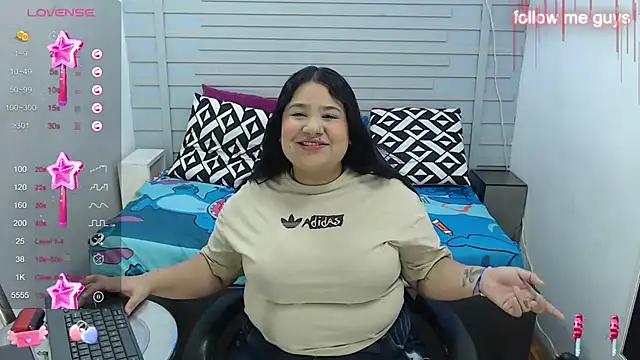 Snapshot of evelin_zaens chatting on 02.26.25 evelin zaens online show from 02.26.25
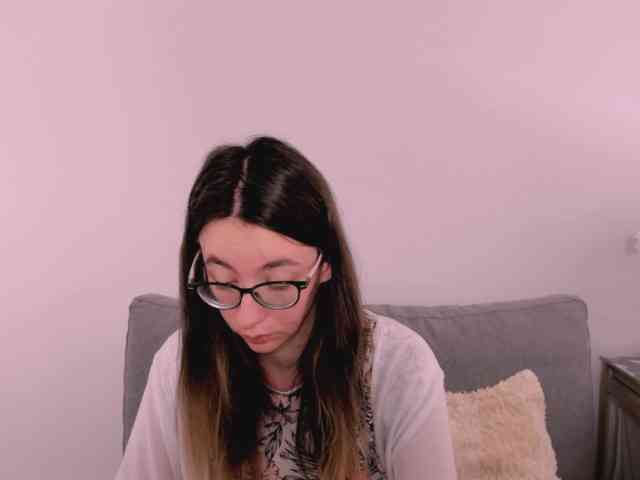 AnnaWonderful webcam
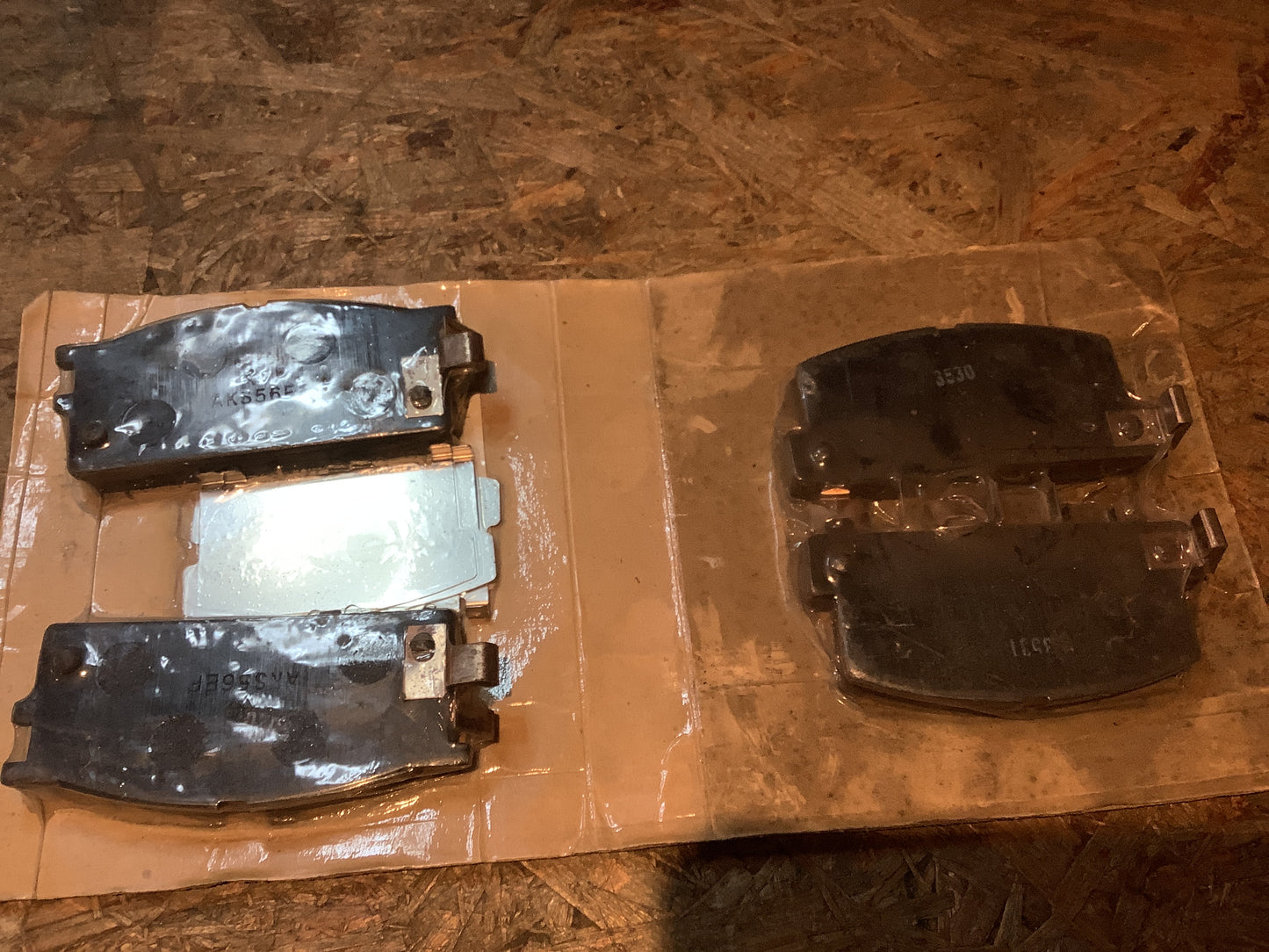 Isuzu Trooper Satz Bremsbeläge Vorderachse Original Isuzu NEU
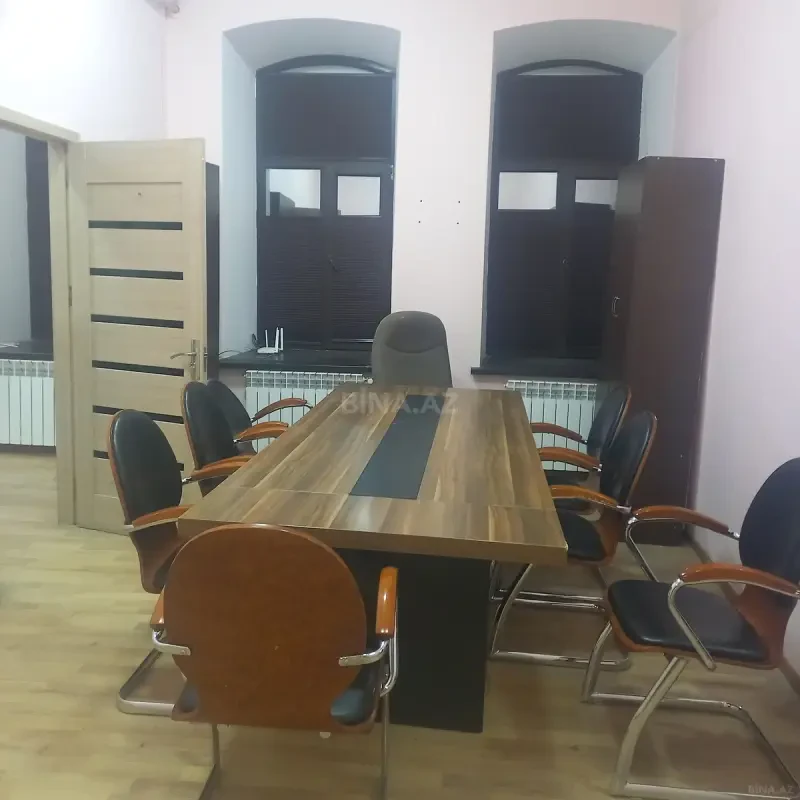 Kirayə verilir 4 otaqlı ofis 100 m²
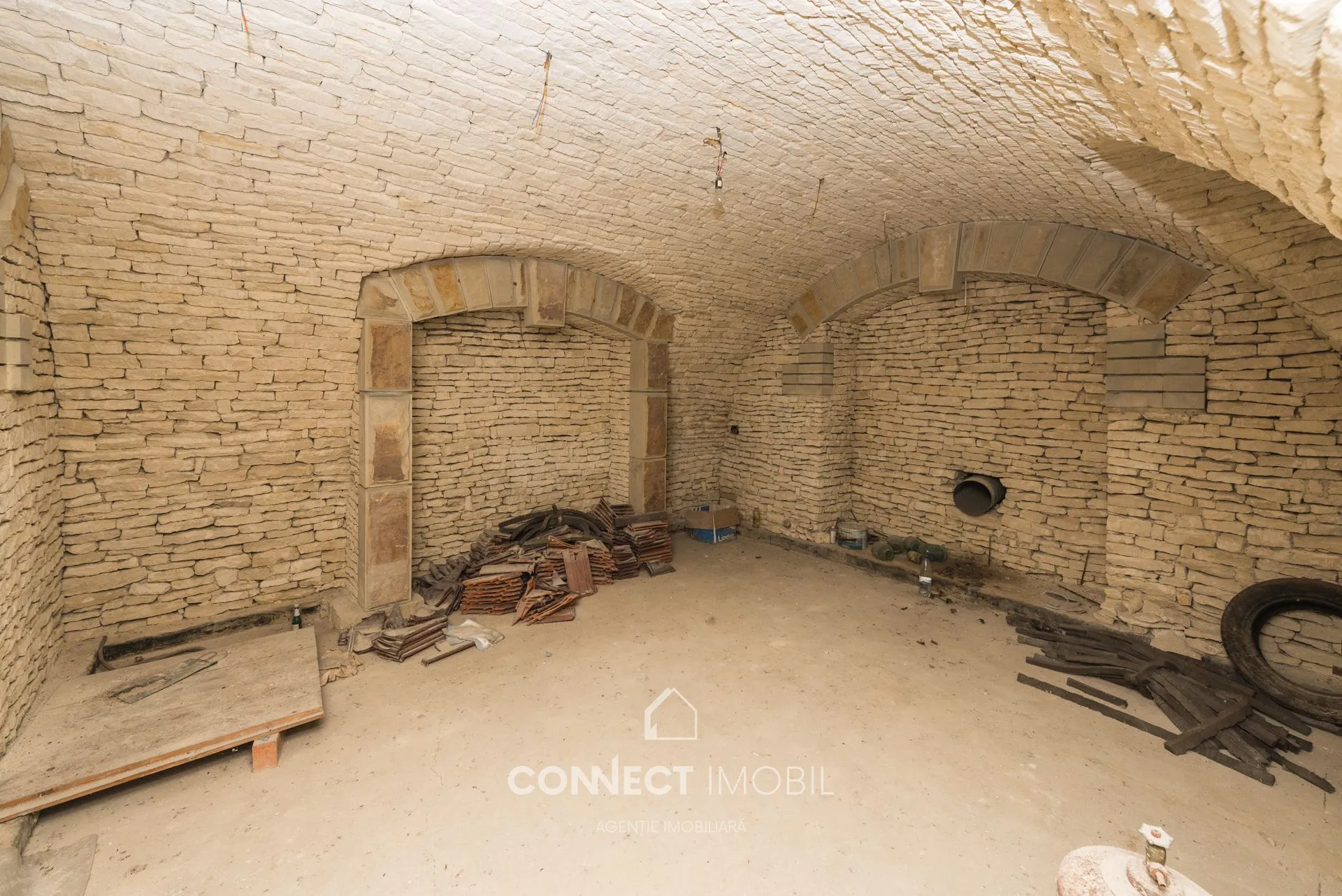 2-etaje casă, 500 m² — Imagine 4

——————————

• [Problem] Only the pictures are to be left out; everything else in the entries above must be duplicated exactly.

• [Solution]
 Snapshot of evelin_zaens chatting on 02.26.25 evelin zaens online show from 02.26.25
 AnnaWonderful webcam
 Isuzu Trooper Satz Bremsbeläge Vorderachse Original Isuzu NEU
 Kirayə verilir 4 otaqlı ofis 100 m²
 2-etaje casă, 500 m² — Imagine 4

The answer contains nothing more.